Perhaps. It left Raiders Coach Jack Del Rio saying he’d never seen anything like that.

“Never. Never seen air like that and it somehow got turned into a first down,” he said. “The air between the ball and the stick. That’s sure short and it goes the other way. Period.”

Three plays later, Prescott’s pass to Dez Bryant set up the go-ahead field goal and the Cowboys were 20-17 winners.

But nothing could overshadow the catch rule, which reared its ugly head again in the best game of the season, the one between the Patriots and Steelers. Move over, Calvin Johnson and Bryant, two men who will forever be linked to the debate over just what is a catch. Make room for Jesse James. After the Patriots scored a touchdown and a two-point conversion for a three-point lead with 56 seconds left, the Steelers tore off down the field on two plays, the latter of which looked to your lyin’ eyes and mine like a touchdown as James stretched toward the end zone after hauling in a 10-yard pass with 28 seconds remaining. Alas. James was robbed as the ball Weebled. Or wobbled. One of the two.

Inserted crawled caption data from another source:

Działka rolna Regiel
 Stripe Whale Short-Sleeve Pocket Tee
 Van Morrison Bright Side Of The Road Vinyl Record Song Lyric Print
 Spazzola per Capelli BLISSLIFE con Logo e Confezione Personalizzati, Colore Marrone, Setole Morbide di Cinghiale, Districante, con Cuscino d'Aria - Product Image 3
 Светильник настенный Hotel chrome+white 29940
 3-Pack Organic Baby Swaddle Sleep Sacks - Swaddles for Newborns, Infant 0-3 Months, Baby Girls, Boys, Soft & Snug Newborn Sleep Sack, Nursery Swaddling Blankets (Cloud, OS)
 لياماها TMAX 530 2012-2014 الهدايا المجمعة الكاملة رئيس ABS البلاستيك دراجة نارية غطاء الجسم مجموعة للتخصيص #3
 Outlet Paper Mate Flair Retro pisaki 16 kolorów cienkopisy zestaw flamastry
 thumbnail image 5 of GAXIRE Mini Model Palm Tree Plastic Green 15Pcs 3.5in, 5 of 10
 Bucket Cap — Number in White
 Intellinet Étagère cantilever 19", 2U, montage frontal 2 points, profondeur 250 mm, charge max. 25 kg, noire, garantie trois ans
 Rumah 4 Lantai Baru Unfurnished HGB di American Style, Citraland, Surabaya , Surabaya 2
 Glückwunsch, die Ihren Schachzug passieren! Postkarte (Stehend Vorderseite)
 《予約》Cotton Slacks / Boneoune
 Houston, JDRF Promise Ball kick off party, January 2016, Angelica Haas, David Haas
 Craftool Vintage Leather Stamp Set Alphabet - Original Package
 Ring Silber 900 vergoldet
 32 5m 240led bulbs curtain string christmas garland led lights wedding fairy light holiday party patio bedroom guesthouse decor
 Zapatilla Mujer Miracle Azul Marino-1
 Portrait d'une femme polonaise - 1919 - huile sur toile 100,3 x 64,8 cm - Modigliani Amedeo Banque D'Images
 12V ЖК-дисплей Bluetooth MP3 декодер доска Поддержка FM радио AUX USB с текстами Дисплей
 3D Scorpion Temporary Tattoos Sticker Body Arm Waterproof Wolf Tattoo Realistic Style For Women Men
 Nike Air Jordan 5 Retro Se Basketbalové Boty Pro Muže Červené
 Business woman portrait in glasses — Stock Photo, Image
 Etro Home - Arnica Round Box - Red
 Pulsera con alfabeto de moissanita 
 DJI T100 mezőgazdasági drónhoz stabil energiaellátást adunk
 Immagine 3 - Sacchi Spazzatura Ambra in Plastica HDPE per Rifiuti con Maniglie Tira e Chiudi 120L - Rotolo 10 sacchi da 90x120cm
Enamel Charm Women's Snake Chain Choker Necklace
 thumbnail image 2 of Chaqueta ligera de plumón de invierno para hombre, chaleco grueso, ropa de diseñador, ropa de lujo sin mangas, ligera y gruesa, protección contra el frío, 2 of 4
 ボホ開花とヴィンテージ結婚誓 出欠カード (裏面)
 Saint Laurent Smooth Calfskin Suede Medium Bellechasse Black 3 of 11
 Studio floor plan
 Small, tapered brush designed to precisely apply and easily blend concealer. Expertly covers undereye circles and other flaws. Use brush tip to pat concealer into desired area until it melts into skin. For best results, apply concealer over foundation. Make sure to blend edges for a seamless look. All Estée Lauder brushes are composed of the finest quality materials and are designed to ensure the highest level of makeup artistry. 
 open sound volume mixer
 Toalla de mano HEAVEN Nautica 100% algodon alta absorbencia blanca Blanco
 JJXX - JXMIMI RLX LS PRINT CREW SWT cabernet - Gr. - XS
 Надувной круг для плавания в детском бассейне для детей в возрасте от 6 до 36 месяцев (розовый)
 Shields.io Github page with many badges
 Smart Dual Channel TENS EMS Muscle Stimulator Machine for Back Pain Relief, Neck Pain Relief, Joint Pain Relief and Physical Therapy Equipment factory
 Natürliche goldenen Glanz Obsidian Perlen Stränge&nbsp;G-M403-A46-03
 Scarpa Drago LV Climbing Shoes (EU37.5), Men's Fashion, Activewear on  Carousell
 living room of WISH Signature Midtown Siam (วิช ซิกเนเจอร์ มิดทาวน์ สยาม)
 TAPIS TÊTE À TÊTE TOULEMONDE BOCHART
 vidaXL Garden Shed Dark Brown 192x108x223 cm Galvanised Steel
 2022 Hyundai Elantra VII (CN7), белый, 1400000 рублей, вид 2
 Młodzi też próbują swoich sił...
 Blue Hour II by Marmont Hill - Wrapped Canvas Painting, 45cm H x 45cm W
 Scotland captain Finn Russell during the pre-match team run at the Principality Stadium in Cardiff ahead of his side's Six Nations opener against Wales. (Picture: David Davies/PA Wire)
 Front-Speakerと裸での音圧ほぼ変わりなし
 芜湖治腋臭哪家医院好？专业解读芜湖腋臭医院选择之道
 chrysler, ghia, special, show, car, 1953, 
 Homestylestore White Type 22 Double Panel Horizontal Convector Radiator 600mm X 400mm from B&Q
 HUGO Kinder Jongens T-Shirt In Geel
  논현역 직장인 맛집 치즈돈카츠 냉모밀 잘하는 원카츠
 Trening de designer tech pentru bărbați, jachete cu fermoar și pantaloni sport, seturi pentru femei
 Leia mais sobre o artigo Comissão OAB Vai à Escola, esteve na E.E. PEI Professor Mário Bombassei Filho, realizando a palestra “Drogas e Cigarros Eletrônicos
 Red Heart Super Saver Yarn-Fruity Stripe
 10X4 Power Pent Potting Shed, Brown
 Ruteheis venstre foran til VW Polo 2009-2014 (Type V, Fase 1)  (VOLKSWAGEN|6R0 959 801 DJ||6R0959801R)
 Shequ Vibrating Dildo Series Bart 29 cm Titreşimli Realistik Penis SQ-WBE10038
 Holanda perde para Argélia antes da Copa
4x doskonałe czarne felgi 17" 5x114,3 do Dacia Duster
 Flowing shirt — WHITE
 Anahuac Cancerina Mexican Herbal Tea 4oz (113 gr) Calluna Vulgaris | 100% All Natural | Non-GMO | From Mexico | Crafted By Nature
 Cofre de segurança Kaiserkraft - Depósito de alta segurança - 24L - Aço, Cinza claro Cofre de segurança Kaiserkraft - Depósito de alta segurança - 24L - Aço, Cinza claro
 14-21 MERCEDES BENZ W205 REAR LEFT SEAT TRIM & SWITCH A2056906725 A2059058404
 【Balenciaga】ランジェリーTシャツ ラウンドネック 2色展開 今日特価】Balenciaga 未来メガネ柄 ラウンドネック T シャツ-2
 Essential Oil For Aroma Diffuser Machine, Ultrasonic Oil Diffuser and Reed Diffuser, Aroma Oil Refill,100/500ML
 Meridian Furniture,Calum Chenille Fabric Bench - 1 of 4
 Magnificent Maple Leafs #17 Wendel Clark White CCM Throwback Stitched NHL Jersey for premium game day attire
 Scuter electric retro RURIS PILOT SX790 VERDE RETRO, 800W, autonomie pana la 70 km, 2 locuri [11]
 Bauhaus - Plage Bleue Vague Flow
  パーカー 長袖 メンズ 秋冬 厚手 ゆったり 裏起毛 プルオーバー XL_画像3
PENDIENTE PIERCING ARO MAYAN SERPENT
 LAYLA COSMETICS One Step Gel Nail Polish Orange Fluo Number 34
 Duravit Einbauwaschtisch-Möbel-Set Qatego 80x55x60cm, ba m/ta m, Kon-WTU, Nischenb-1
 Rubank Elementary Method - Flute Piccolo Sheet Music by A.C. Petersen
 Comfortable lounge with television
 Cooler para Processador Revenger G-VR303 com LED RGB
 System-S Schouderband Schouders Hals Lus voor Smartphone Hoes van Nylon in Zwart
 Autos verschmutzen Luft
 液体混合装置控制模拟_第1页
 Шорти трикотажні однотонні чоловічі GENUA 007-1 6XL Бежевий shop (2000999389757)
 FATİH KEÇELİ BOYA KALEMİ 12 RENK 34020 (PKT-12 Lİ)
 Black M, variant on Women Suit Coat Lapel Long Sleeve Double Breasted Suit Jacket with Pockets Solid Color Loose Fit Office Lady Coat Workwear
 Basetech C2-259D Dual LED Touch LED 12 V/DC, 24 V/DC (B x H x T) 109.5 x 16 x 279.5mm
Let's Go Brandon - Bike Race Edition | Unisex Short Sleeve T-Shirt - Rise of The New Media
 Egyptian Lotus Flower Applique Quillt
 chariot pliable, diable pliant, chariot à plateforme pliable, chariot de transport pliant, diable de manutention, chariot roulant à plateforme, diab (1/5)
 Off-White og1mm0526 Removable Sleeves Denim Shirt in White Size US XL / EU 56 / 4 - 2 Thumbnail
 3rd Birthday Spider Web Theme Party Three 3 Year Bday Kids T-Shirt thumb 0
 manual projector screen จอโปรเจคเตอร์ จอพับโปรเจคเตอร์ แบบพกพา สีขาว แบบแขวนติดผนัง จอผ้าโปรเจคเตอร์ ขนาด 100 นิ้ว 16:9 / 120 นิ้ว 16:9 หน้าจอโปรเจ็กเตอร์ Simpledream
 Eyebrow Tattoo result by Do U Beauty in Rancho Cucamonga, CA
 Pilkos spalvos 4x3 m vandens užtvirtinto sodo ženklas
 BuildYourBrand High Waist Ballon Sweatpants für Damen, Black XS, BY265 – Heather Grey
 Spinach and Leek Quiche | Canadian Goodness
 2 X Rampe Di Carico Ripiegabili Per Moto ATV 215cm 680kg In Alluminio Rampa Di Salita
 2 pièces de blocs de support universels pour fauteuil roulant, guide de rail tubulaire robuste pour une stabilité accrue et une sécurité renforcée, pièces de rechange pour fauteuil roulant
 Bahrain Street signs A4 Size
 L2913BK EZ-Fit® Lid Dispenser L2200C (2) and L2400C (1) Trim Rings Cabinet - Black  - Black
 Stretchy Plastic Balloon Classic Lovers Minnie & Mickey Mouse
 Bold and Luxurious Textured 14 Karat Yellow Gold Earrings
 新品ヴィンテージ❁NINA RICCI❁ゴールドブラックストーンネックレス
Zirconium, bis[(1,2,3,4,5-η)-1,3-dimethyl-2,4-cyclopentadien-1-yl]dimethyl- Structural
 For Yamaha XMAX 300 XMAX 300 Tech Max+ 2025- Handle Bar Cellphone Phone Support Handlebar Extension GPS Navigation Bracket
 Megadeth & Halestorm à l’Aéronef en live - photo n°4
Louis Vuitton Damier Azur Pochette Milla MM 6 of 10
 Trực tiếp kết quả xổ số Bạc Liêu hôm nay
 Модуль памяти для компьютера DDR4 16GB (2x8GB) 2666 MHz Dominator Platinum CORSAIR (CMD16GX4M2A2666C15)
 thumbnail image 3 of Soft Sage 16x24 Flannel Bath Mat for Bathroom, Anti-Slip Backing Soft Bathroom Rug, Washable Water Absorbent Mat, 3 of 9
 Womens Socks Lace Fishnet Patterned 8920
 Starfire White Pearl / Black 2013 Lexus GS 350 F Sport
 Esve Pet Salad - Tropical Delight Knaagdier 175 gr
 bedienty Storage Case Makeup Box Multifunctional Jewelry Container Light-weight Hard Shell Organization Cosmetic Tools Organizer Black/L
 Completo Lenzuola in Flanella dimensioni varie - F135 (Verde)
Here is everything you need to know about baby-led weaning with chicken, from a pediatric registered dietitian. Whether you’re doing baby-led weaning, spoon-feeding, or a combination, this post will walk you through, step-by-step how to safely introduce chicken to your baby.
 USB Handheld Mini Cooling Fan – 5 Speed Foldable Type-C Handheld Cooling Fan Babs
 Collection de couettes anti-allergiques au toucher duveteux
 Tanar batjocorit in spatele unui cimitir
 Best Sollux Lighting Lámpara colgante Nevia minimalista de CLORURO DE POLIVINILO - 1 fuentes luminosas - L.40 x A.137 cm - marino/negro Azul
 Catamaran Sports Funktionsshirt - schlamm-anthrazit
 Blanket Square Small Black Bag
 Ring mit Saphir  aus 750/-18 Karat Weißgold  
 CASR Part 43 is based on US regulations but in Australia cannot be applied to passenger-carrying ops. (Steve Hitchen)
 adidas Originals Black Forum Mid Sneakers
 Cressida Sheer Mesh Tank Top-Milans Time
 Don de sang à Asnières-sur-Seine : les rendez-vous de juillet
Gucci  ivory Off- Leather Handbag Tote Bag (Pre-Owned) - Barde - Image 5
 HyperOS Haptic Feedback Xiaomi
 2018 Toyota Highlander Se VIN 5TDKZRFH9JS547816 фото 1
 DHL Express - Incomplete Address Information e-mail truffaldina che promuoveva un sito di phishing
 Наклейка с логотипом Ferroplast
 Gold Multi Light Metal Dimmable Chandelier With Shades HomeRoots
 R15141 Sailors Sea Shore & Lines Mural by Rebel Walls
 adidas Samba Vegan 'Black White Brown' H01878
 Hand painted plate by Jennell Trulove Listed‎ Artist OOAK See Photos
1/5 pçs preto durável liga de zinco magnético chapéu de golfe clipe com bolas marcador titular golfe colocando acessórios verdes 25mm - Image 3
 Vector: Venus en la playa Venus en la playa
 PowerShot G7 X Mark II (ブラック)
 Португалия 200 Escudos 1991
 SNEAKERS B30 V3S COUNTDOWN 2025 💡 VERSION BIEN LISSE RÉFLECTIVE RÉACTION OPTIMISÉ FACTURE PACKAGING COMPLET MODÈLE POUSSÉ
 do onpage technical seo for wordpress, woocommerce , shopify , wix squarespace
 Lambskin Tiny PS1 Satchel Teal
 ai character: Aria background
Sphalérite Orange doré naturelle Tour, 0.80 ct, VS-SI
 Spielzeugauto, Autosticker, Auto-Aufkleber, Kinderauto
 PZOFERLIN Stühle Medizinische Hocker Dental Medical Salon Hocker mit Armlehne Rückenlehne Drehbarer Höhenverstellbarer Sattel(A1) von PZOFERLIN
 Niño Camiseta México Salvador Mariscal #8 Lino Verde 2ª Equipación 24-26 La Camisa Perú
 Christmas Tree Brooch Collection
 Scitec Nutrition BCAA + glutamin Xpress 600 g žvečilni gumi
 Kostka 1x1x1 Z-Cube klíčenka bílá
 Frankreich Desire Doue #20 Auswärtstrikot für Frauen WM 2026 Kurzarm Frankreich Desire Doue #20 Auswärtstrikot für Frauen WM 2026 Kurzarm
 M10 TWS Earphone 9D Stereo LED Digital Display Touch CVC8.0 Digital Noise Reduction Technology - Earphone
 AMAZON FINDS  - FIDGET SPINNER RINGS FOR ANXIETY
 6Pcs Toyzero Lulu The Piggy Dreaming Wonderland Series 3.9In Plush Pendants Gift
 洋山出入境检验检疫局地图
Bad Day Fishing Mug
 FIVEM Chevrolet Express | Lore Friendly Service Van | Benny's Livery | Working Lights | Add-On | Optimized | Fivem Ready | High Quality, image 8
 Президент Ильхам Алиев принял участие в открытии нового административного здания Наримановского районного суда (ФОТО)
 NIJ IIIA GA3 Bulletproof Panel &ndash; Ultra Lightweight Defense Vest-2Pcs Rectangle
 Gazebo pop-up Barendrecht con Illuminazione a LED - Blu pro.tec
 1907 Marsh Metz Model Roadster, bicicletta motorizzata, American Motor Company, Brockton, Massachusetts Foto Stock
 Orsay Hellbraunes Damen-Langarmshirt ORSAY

“In order to have a completed pass, a receiver must survive going to the ground,” referee Tony Corrente said in a rather terrifying description. “In this case, he had control of the football but he was going to the ground. As he hit the ground, the ball began to roll and rotate and the ball hit the ground and that’s the end of it at that point. … He lost complete control of the football. That was the ruling out of replay.”

“James is going to the ground as he reaches the goal line,” Al Riveron, the NFL’s senior vice president of officiating, said in a video. “And that’s the key here: He is going to the ground. By rule, to complete the process of the catch he must survive the ground. And by that, we mean he must maintain control of the football. … He does put the ball over the goal line extended. Once he gets there, he loses control of the football and then the ball hits the ground. We can see … the ball touches the ground. … Therefore, the ruling on the field of a touchdown was changed to an incomplete pass.”

All of which leaves everyone to grapple with a rule that was called correctly, but seems like a dumb rule.

“I was just trying to watch it to see what happened,” Patriots safety Devin McCourty said. “Once I thought about it that way, no. I know it’s always hard to know when you hit the ground — catch, no catch. But when you see it, it was kind of like his hands weren’t under it. Obviously I’m a little biased out there.”

Got it. So, rather than trying for a game-tying field goal, Steelers quarterback Ben Roethlisberger was intercepted in the end zone on a fake-spike play with five seconds left.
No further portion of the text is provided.